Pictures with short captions
= Beginning of Section =

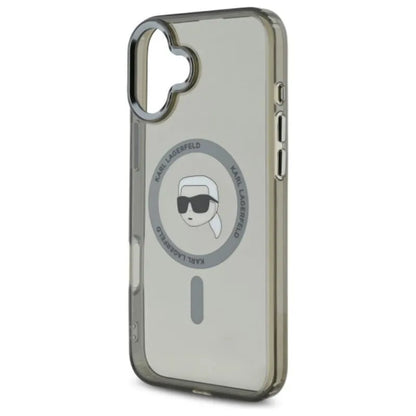 Karl Lagerfeld IML Metal Karl Head MagSafe – dėklas, skirtas iPhone 16 (juodas)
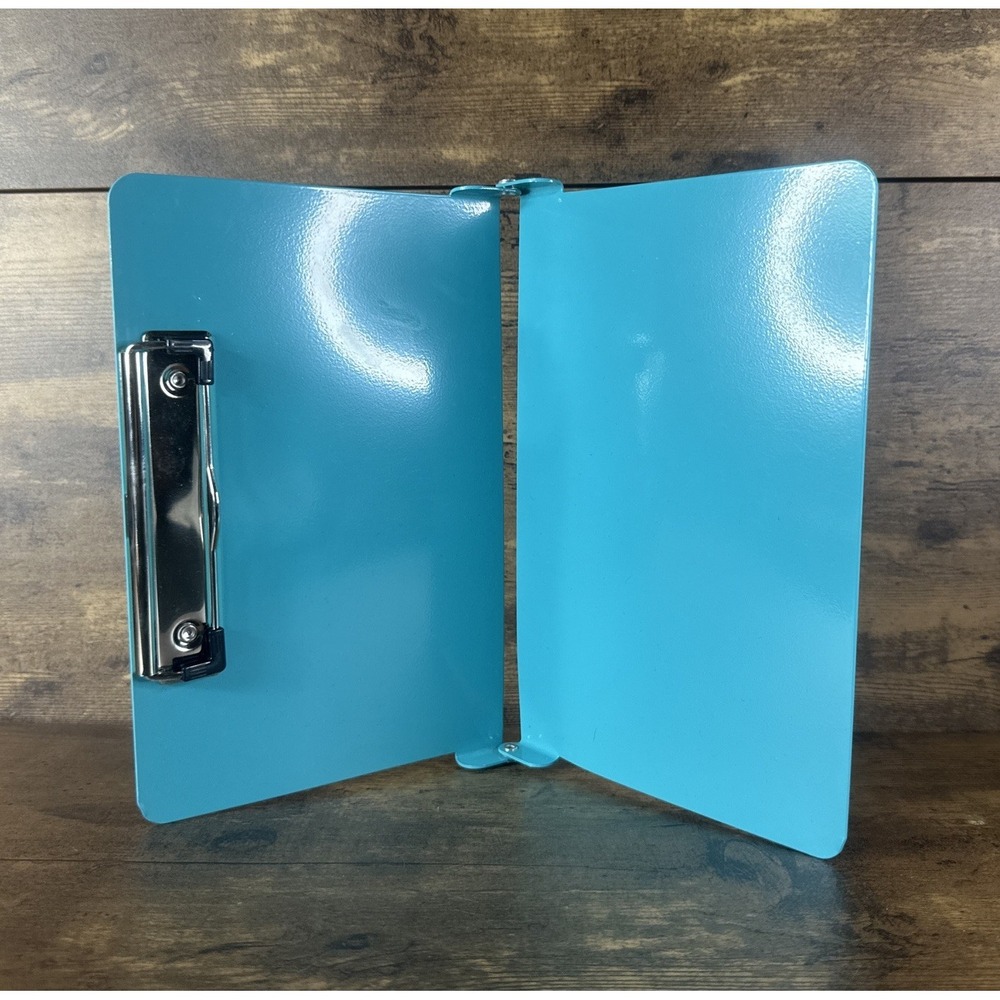 Foldable Med Student Clipboard Organizer Metal Compact Teal Fast & Safe Shipping
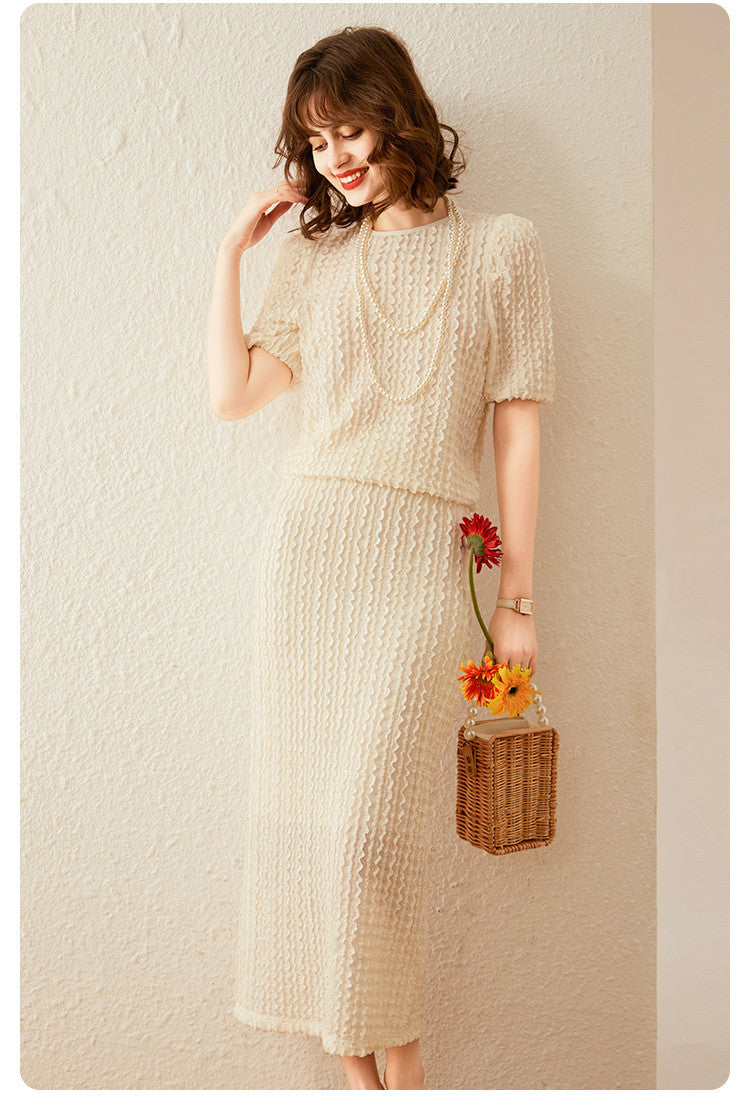 Summer Casual Set Women’s T-Shirt & Split Skirt Polyester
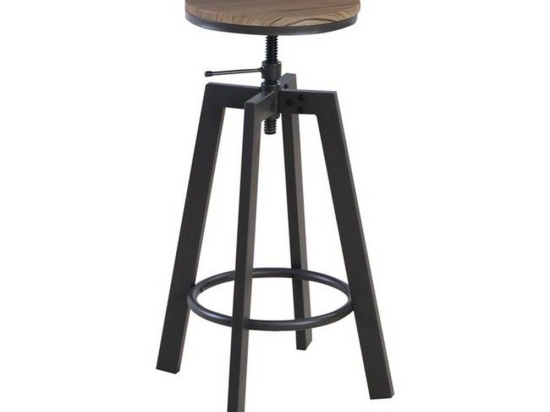Σκαμπό Bar York ΕΜ9793,1 44x44x63/73cm Dark Brown-Wallnut Σετ 2τμχ Μελαμίνη,Μέταλλο
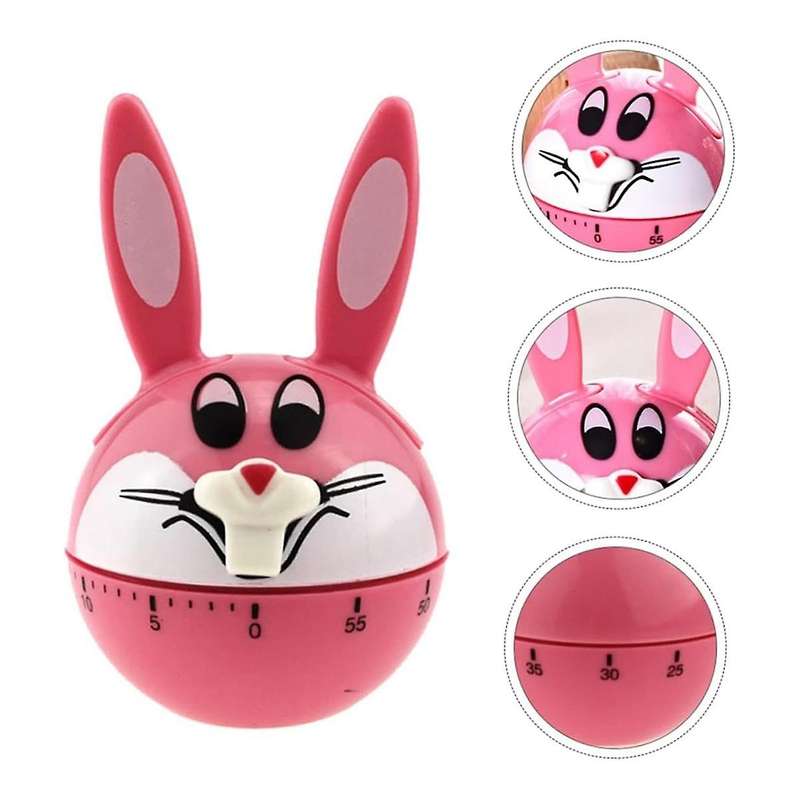 1pc Rabbit Timer Kids Alarm Pink Tools Egg Timer Kitchen Helper Fairy Decor Mechanical Timer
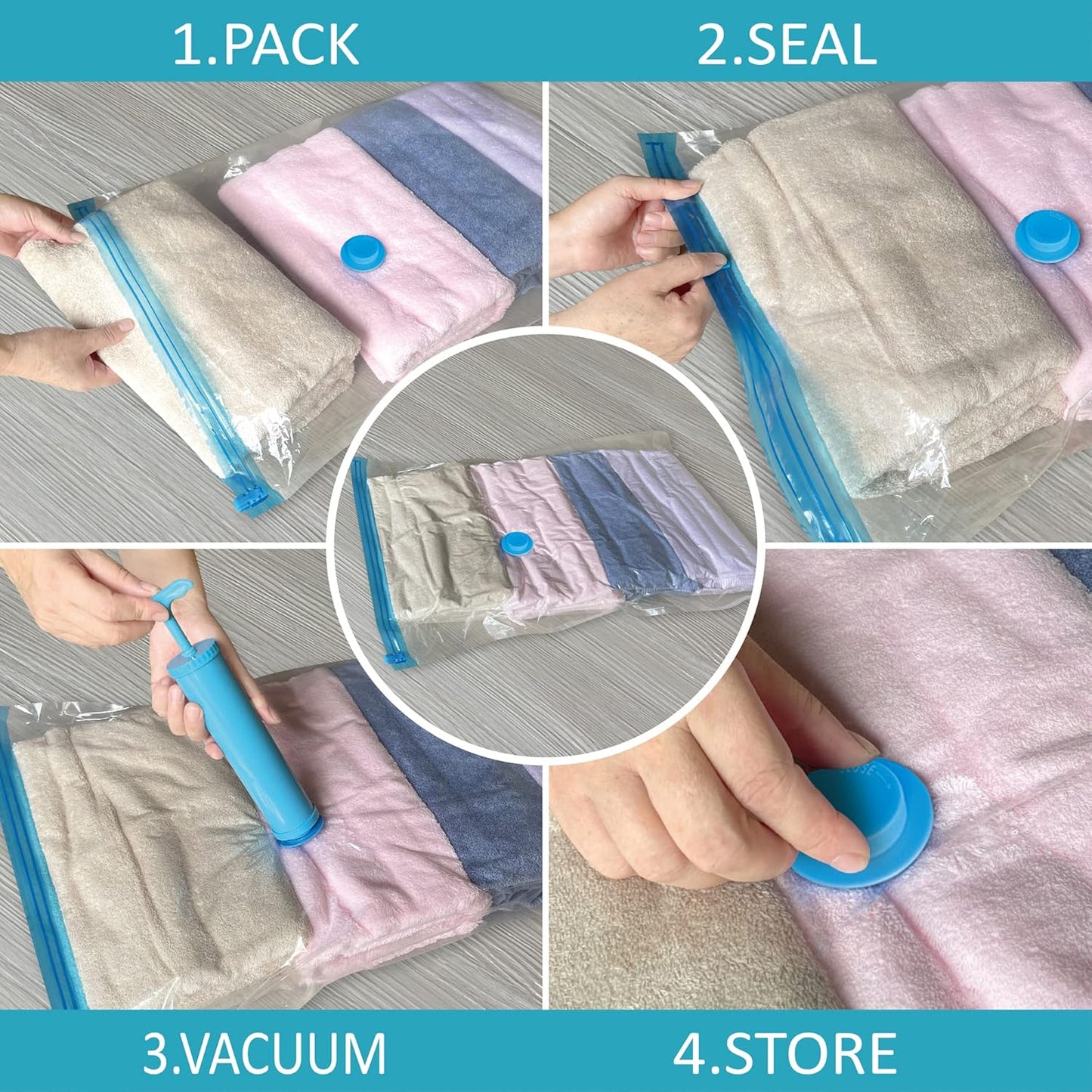 Roomimaster Vacuum Storage Bags - Jumbo Space Saver Bags for Clothing & Bedding | 10 Pack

= End of Section =

Aim of the exercise: Print nothing but the lines above starting with the line that contains "Σκαμπό Bar York" and going on through the line that contains "1pc Rabbit Timer". Leave out the pictures.

Output for this exercise:
Σκαμπό Bar York ΕΜ9793,1 44x44x63/73cm Dark Brown-Wallnut Σετ 2τμχ Μελαμίνη,Μέταλλο
 1pc Rabbit Timer Kids Alarm Pink Tools Egg Timer Kitchen Helper Fairy Decor Mechanical Timer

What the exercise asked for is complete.